Open Access
Anticancer activity evaluation of green synthesised gold–silver alloy nanoparticles on colourectal HT‐29 and prostate DU‐145 carcinoma cell lines
Author(s) -
Entezari Heravi Reza,
Zakeri Sajad,
Nazari Pardis
Publication year - 2018
Publication title -
micro and nano letters
Language(s) - English
Resource type - Journals
SCImago Journal Rank - 0.25
H-Index - 31
ISSN - 1750-0443
DOI - 10.1049/mnl.2018.0235
Subject(s) - nanoparticle , cell culture , nuclear chemistry , ic50 , alloy , colloidal gold , bromide , growth inhibition , nanotechnology , chemistry , nanobiotechnology , in vitro , materials science , biochemistry , biology , metallurgy , organic chemistry , genetics
Nanotechnology is an interesting way to produce and deal with fascinating features of materials. Metal nanoparticles offer a vast spectrum of potential applications in medicine and pharmaceutical sciences due to advances in nanotechnology research. This study was aimed to evaluate the anticancer properties of gold–silver (Au–Ag) alloy nanoparticles, which were synthesised using a green method by Galega officinalis ethanolic extract.
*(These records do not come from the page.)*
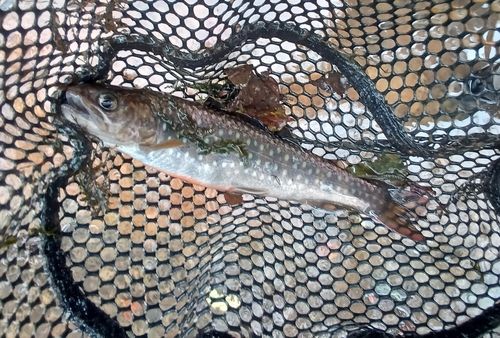 エゾイワナの釣果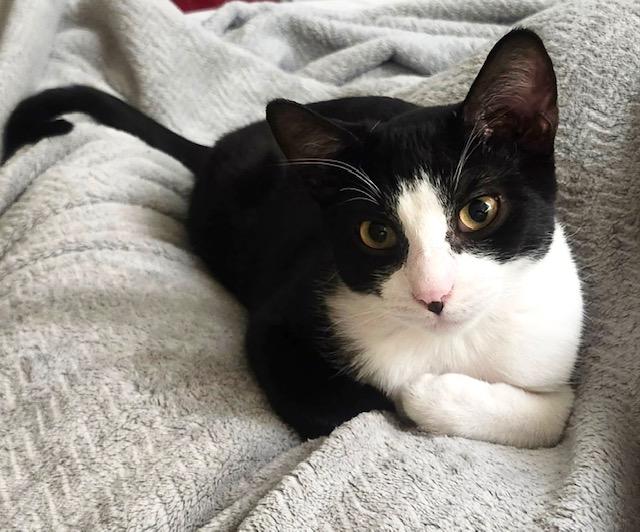 Eclipse, a Adoptable Domestic Short Hair image 1/6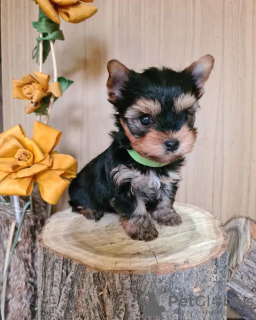 Photo №1. yorkshire terrier - for sale in the city of Zrenjanin | negotiated | Announcement № 78913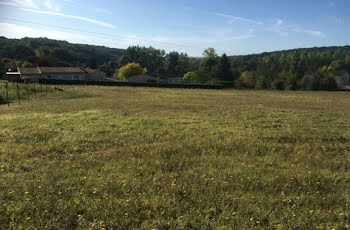 terrain à Paussac-et-Saint-Vivien (24)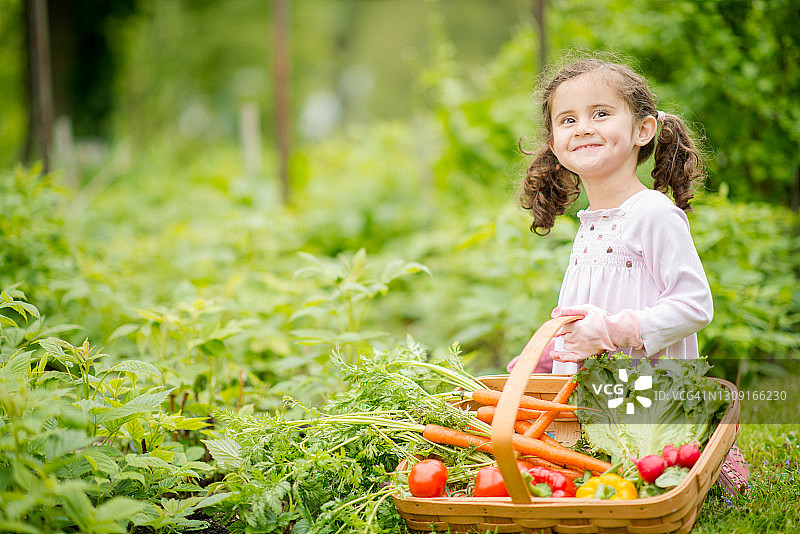 可爱的女孩在她的花园里拿着一篮蔬菜图片素材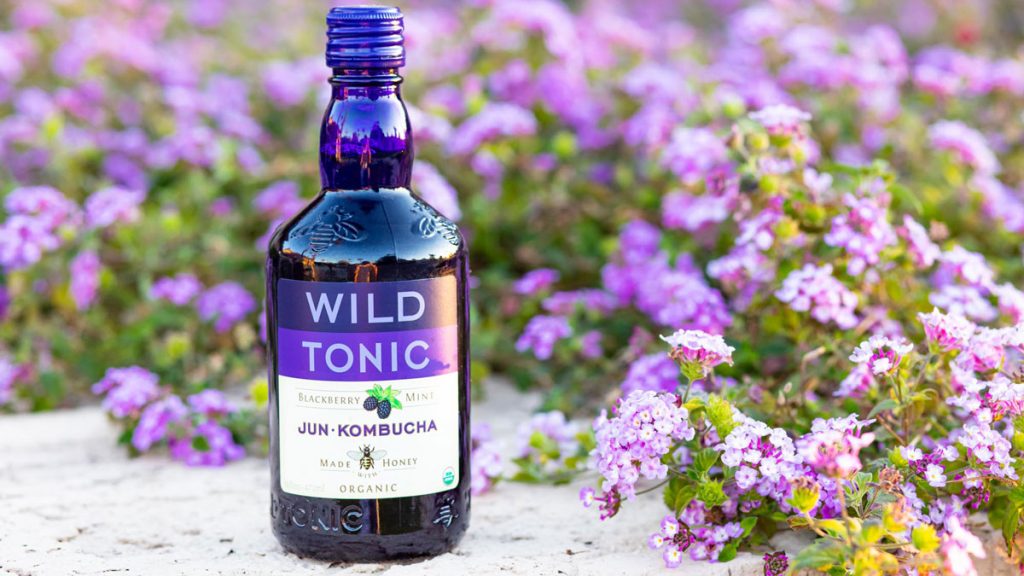 wild tonic hard kombucha glass bottle
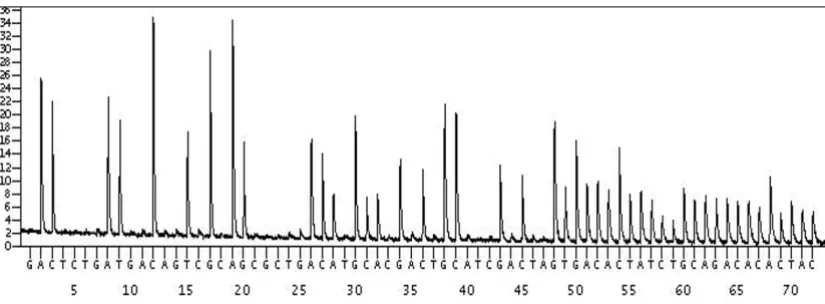 Figure 5Linear signal generation through a 72 nucleotide dispensation Pyrosequencing runends at the 3' end template sequence shown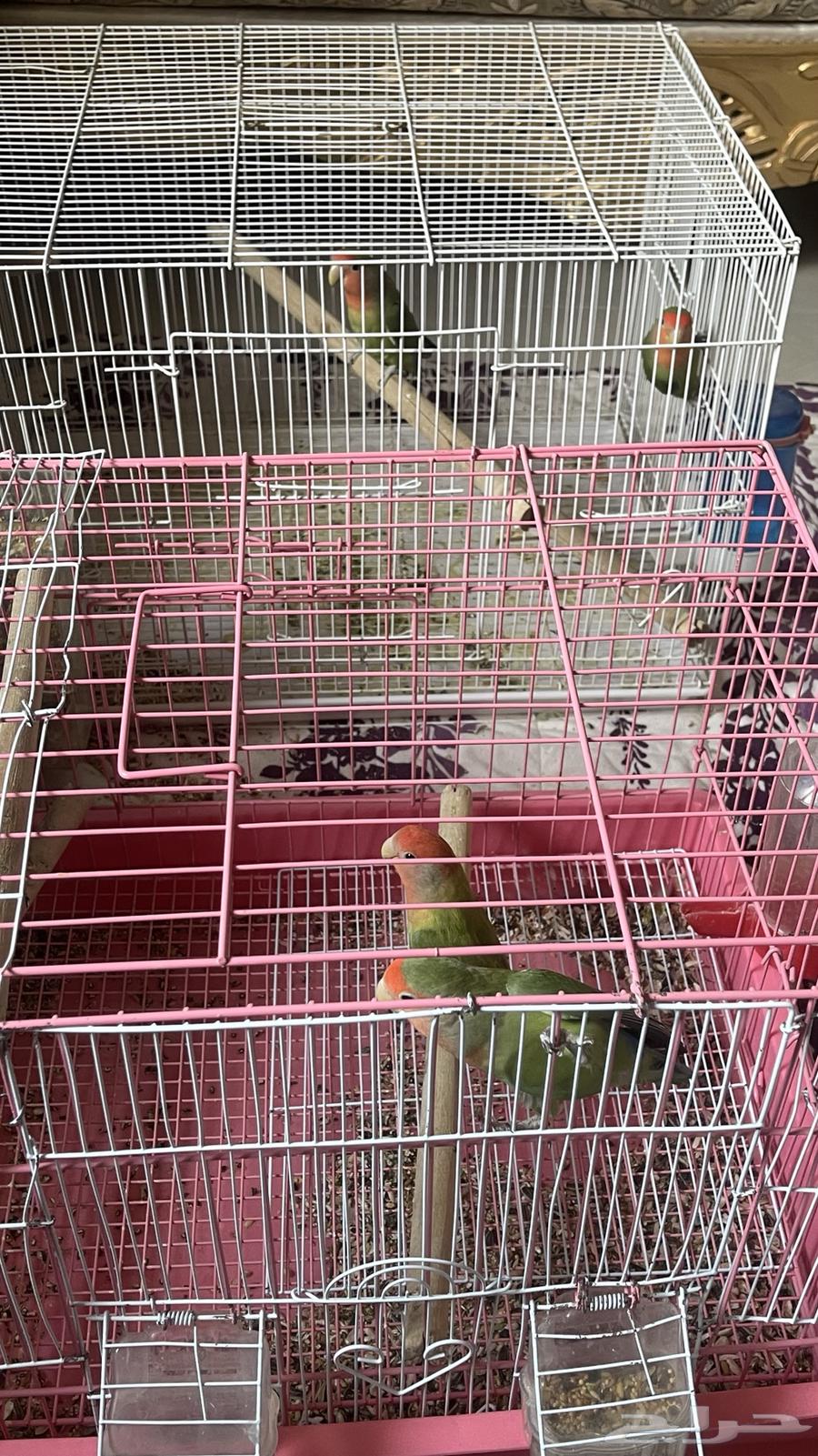 طيور روز للبيع64539725953411110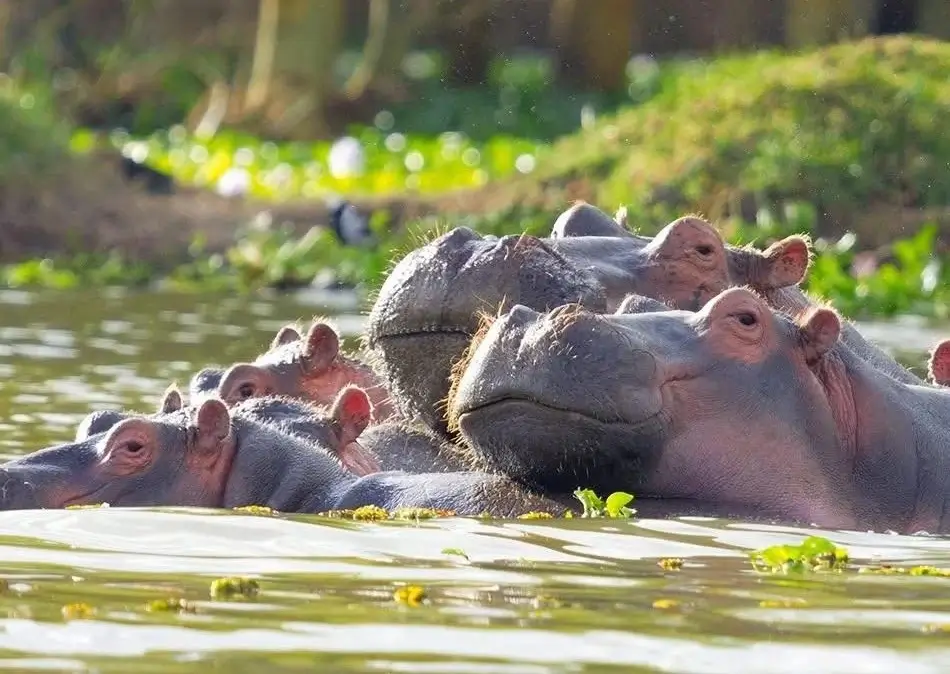 Book 5 days comfort tour to Mara Nakuru & Naivasha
The antitumour activity of biosynthesised nanoparticles has been assessed in vitro using 3‐(4,5‐dimethylthiazol‐2‐yl)‐2,5‐diphenyl tetrazolium bromide (MTT) assay on DU‐145 and HT‐29, prostate and colon cell lines, respectively. The Au–Ag alloy nanoparticles activity to inhibit the growth of cancer cell lines was recorded in terms of decrease in viable cell count in comparison with the control value. The spherical Au–Ag alloy nanoparticles with average size of 100 nm diameter were synthesised. The growth inhibition of the human prostate (DU‐145) and colon carcinoma cell line (HT‐29) has been found to be dose dependent. The calculated IC50 for the DU‐145 cell line was 95.78 μg/ml after 24 h and for the HT‐29 cell line was 70.66 µg/ml after 48 h. The results of this study suggest that Au–Ag alloy nanoparticles could be as an active substance against tumour cell lines and may be a beneficial treatment for cancer.